Me corrí primero, una oleada que me subió desde el coño hasta la garganta. Grité contra su ano y ella se vino casi al mismo tiempo, el coño apretándome los dedos, el culo contrayéndose bajo mi lengua, un orgasmo intenso y empapado que nos dejó a las dos temblando, chorreando, con la cara brillante de jugos ajenos. Nos quedamos así un rato, respirando la una contra el cuerpo de la otra, hasta que el temblor bajó.

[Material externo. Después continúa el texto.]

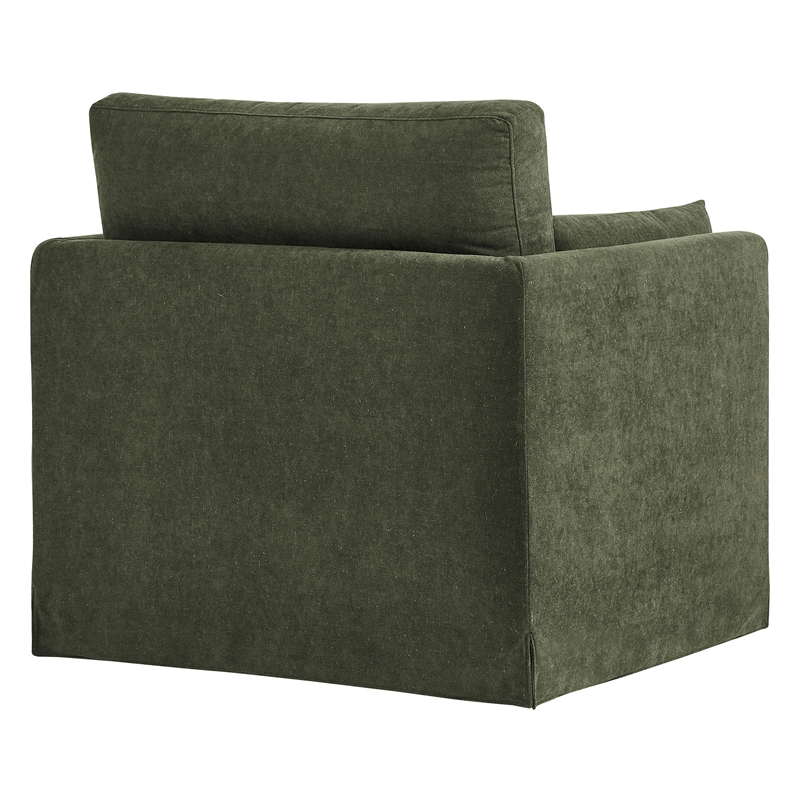 Wellfleet Slipcovered Linen-Blend Armchair in Sage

Después de recuperarnos nos levantamos a duras penas y nos metimos en la ducha juntas. El agua caliente nos resbalaba por la piel mientras nos besábamos despacio, sin la prisa de antes. Caricias suaves: yo le enjabonaba las tetas, ella me pasaba las manos por el culo y la espalda. Laura me susurró al oído, la voz ronca:
—Esta noche ha sido mejor que cualquier cosa con mi marido. Mejor que todo lo que he tenido en años. Quiero repetirlo la próxima vez que viaje sola. Te lo juro, Chloe. Quiero tu boca otra vez.
La besé bajo el chorro, saboreando todavía el rastro salado de su coño en mis labios. Nos secamos con toallas gruesas, nos vestimos a medias, riéndonos de lo destrozadas que estaban las blusas. El reloj del teléfono marcaba casi las cuatro y media. Teníamos que irnos.

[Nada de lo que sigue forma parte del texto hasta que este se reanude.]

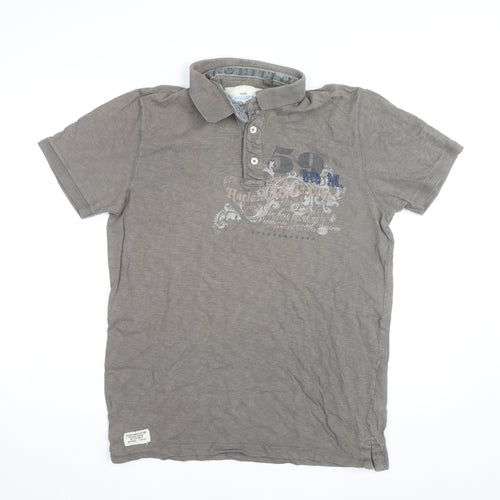 Next Men’s Brown Graphic Print Cotton Polo Shirt Size L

Caminamos juntas hasta la zona de embarque, maletas otra vez a ruedas. En la puerta de su vuelo a Londres nos detuvimos. El pasillo olía a café quemado y a jet fuel. Laura me miró con los ojos todavía hinchados de sexo y me dio un beso profundo, lengua lenta, mano en mi nuca. Las dos sabíamos que guardaríamos este secreto caliente para siempre: el hotel del aeropuerto, su anillo brillando mientras yo le chupaba el culo, el grito con el que se corrió en mi lengua.
—Escríbeme —murmuró contra mi boca—. Cuando estés en Buenos Aires. O cuando vuelvas.
—Lo haré —prometí.
Nos separamos. Ella se giró hacia la cola de embarque. Yo me quedé un segundo mirándole el culo bajo la falda arrugada, el recuerdo de su sabor todavía vivo en la lengua. Entonces sonó mi teléfono. Un mensaje de un número desconocido. Abrí la notificación sin pensar y el mundo se me detuvo un instante: una foto borrosa tomada desde el pasillo del hotel, la puerta de nuestra habitación entreabierta, y debajo un texto corto que helaba la sangre más que cualquier escala nocturna.
«Sé lo que habéis hecho. Rafael ya lo sabe también.»